▶ [WHAT NEEDS TO BE DONE] In your answer, print each of the records below exactly.

══ MATERIAL TO PROCESS

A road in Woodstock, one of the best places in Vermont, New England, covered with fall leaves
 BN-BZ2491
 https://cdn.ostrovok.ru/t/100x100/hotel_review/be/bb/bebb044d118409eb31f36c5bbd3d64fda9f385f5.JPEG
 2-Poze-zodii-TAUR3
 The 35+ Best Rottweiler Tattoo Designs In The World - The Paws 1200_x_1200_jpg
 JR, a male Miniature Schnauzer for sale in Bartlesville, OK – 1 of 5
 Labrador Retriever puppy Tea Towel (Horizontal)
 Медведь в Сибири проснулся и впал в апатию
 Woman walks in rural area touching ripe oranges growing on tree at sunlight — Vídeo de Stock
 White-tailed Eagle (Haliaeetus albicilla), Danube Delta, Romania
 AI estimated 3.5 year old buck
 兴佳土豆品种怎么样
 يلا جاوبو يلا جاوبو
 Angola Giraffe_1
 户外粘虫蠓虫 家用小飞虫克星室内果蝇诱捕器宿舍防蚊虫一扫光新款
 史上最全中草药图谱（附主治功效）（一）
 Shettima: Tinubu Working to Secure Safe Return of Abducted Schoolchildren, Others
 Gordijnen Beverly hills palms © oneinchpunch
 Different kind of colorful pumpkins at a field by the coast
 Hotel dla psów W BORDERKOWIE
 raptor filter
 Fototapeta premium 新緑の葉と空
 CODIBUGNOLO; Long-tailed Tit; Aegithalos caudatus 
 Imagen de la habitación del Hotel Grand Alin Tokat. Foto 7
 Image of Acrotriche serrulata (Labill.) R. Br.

════

▶ [WRITTEN ANSWER]
A road in Woodstock, one of the best places in Vermont, New England, covered with fall leaves
 BN-BZ2491
 https://cdn.ostrovok.ru/t/100x100/hotel_review/be/bb/bebb044d118409eb31f36c5bbd3d64fda9f385f5.JPEG
 2-Poze-zodii-TAUR3
 The 35+ Best Rottweiler Tattoo Designs In The World - The Paws 1200_x_1200_jpg
 JR, a male Miniature Schnauzer for sale in Bartlesville, OK – 1 of 5
 Labrador Retriever puppy Tea Towel (Horizontal)
 Медведь в Сибири проснулся и впал в апатию
 Woman walks in rural area touching ripe oranges growing on tree at sunlight — Vídeo de Stock
 White-tailed Eagle (Haliaeetus albicilla), Danube Delta, Romania
 AI estimated 3.5 year old buck
 兴佳土豆品种怎么样
 يلا جاوبو يلا جاوبو
 Angola Giraffe_1
 户外粘虫蠓虫 家用小飞虫克星室内果蝇诱捕器宿舍防蚊虫一扫光新款
 史上最全中草药图谱（附主治功效）（一）
 Shettima: Tinubu Working to Secure Safe Return of Abducted Schoolchildren, Others
 Gordijnen Beverly hills palms © oneinchpunch
 Different kind of colorful pumpkins at a field by the coast
 Hotel dla psów W BORDERKOWIE
 raptor filter
 Fototapeta premium 新緑の葉と空
 CODIBUGNOLO; Long-tailed Tit; Aegithalos caudatus 
 Imagen de la habitación del Hotel Grand Alin Tokat. Foto 7
 Image of Acrotriche serrulata (Labill.) R. Br.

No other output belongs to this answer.